You can use this “sandbox” (below) to play around with multiple regression in R! You don’t need to include any of this code in your submission.
# your code here
Very briefly (but in complete sentences) answer the following questions in your Word document:
Exercise 2a By how much (and in what direction) is ozone concentration expected to change if temperature increased from 26 to 30 degrees Celsius? Assume that solar radiation stays constant at 200 lang and wind speed stays constant at 9 mph. Be careful with the units for temperature! Make sure to use the ‘interaction’ model (model2) from part 7 above to answer this question. Please briefly explain (in your Word document) how you got your answer.
Exercise 2b What is the null hypothesis that the p-values for the individual regression coefficients are designed to test?
For this exercise, we will use tree data from a forest in the western Oregon Cascades.
We will fit a multiple linear regression model that predicts forest tree biomass as a function of environmental variables (including a mix of continuous and categorical predictors) and stand age.

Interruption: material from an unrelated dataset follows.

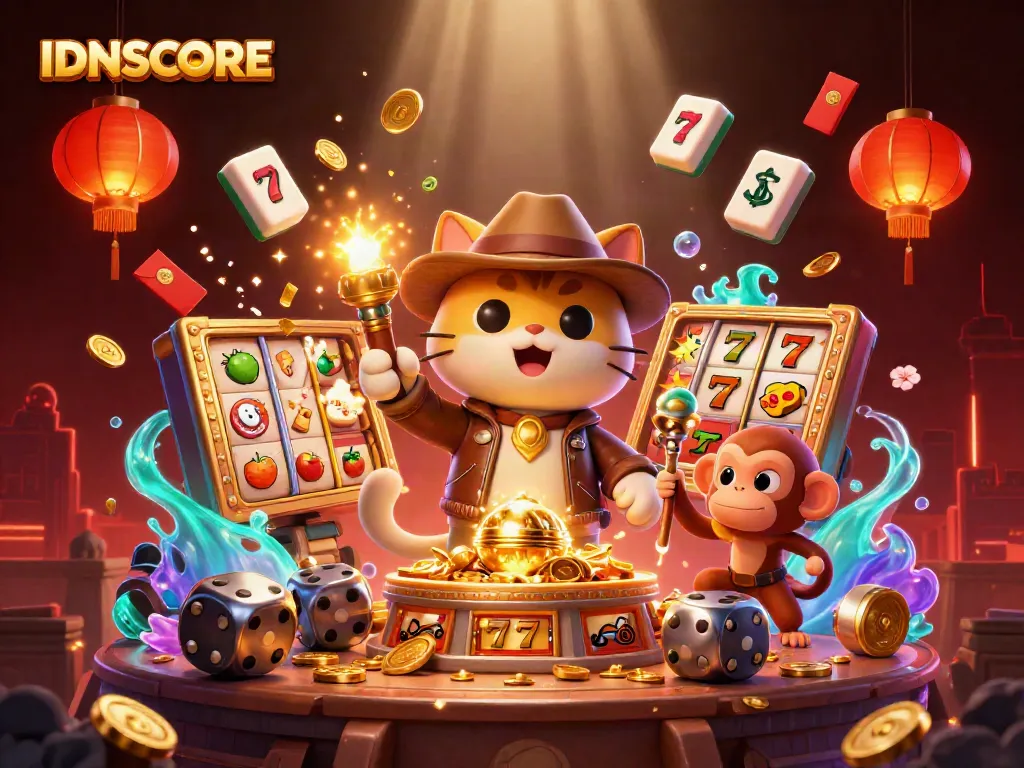 IDNSCORE features an adventurous character exploring a golden casino treasure in a vibrant temple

Obtain the TreeData.csv file from the “Data Sets” tab (or just download here)- save it to your working directory.
This describes a subset of forest inventory data from the Douglas-fir forests of western Oregon (n = 90, 0.1-ha sites).
Arranged in columns from left to right, variables are:
This is a comma-delimited (.csv) file, which is a common file format for importing data into R. Import the data into R as a data frame (R’s version of an excel spreadsheet), using the following command:
NobleFir.df <- read.csv("TreeData.csv")
Inspect the resulting data object. Summarize it using the ‘summary()’ and ‘plot()’ functions.
Obtain a correlation matrix for biomass and the four numeric predictor variables using the ‘cor()’ function and by subscripting column locations on the data frame (ask instructor for explanation of syntax if needed):
cor(NobleFir.df[,c(2,4,7:9)])
Are any of the predictor variables highly correlated?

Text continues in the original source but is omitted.